« Crimes de guerre » en Ukraine : les gendarmes français de l’OCLCH enquêtent
Auteur : lieutenante Floriane Hours – publié le 17 avril 2022 Temps de lecture: ≃3 min.
Le 5 avril 2022, le parquet national antiterroriste a saisi l’OCLCH pour enquêter sur quatre affaires de potentiels crimes de guerre. Des faits susceptibles d’avoir été commis sur le sol ukrainien à l’encontre de ressortissants français.
Le 14 mars 2022, le journaliste franco-irlandais Pierre Zakrzewski et sa consœur ukrainienne Aleksandra Kuvshynova sont tués à Horenka, près de Kiev. Dans trois autres villes d’Ukraine, à Tchernihiv, à Marioupol et à Gostomel, trois familles françaises, rentrées depuis en France, ont raconté les exactions commises.
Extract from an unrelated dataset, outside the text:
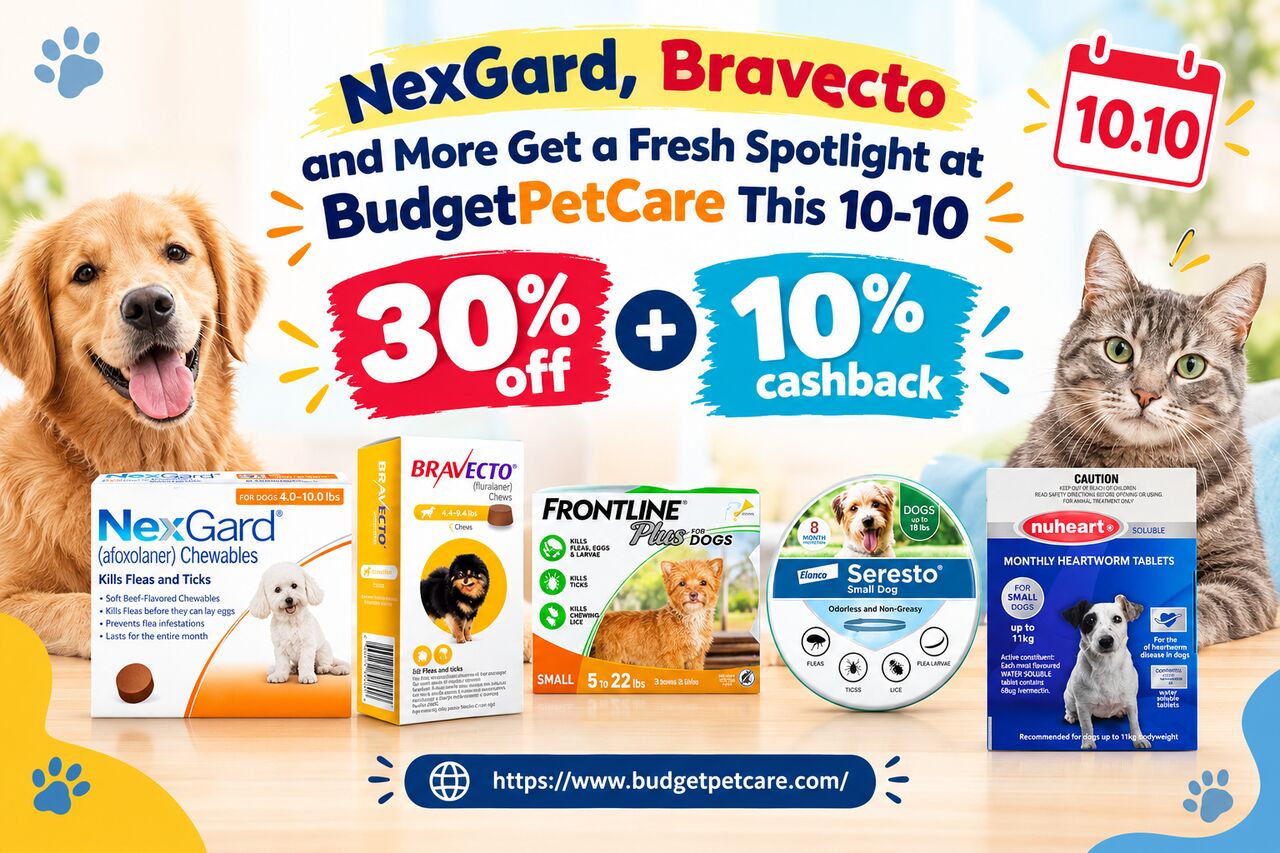 New York, Pet Supplies, NexGard, Bravecto And More Get A Fresh Spotlight At BudgetPetCare This 10-10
Des actes qui pourraient être qualifiés de crimes de guerre « portant sur des faits susceptibles d’avoir été commis au préjudice de ressortissants français en Ukraine au cours des dernières semaines », et pour lesquels le Parquet national antiterroriste (PNAT) français a ouvert, le 4 avril, quatre enquêtes contre X.
Pour mener les investigations, le pôle de lutte contre les crimes contre l’humanité et les crimes et délits de guerre du PNAT a saisi l’Office central de lutte contre les crimes contre l’humanité et les crimes de haine (OCLCH), un office interministériel comprenant une quarantaine d’enquêteurs (gendarmes et policiers).
Centraliser, analyser et transmettre
L’OCLCH est spécialisé dans les enquêtes sur les crimes internationaux les plus graves (crimes de guerre, génocides,…) et les formes de criminalité qui leur sont liées, ainsi que sur les crimes motivés par la haine et l’intolérance. Dans le cas de l’Ukraine, la mission de ses enquêteurs va être de recueillir des témoignages et des éléments objectifs, de les centraliser, de les analyser et de les transmettre ensuite au PNAT. Ces éléments d’enquête vont permettre d’appuyer les procédures de crimes de guerre susceptibles d’avoir été commis envers les ressortissants français. Ils serviront également, dans le cadre de la coopération policière internationale, à documenter les actions criminelles commises sur place contre les civils ukrainiens ou d’autres nationalités. Des éléments qui seront ensuite transmis au PNAT, puis à la Cour pénale internationale (CPI), qui a ouvert, début mars, une enquête sur les actes commis depuis novembre 2013 (début du conflit entre les Russes et les Ukrainiens).
Une récupération minutieuse de données
Pour obtenir les éléments nécessaires aux différentes enquêtes (PNAT et CPI), les gendarmes et policiers spécialisés de l’OCLCH vont devoir trouver des moyens de récupérer des informations objectives et concrètes, et cela à distance (l’instabilité du terrain ne permettant pas de se rendre sur place). Pour cela, ils vont travailler avec différentes sources telles que les analyses poussées de vidéos et d’images satellites, l’interception de communications civiles et militaires, les données transmises par les autorités ukrainiennes après le passage des troupes russes, les témoignages des ONG (organisations non-gouvernementales) présentes sur place, mais aussi ceux des déplacés d’Ukraine, victimes ou témoins de crimes de guerre et dont les signalements ont été recueillis en France dans les brigades de gendarmerie ou les commissariats.
En plus de ces éléments et dans le cadre de l’entraide judiciaire au sein de l’Union européenne, les enquêteurs de l’OCLCH pourraient avoir accès aux données d’autres pays européens également investis sur le volet judiciaire de ce conflit. « Les dossiers, appelés à transiter par Eurojust et Europol, pourraient nourrir l’enquête mère de la CPI qui s’attachera, si les faits sont avérés, à déterminer les responsabilités au plus haut niveau», a indiqué le général Reiland aux journalistes du Figaro. Les enquêtes diligentées par la CPI, et par le PNAT pour les faits concernant les ressortissants français, devraient durer plusieurs années.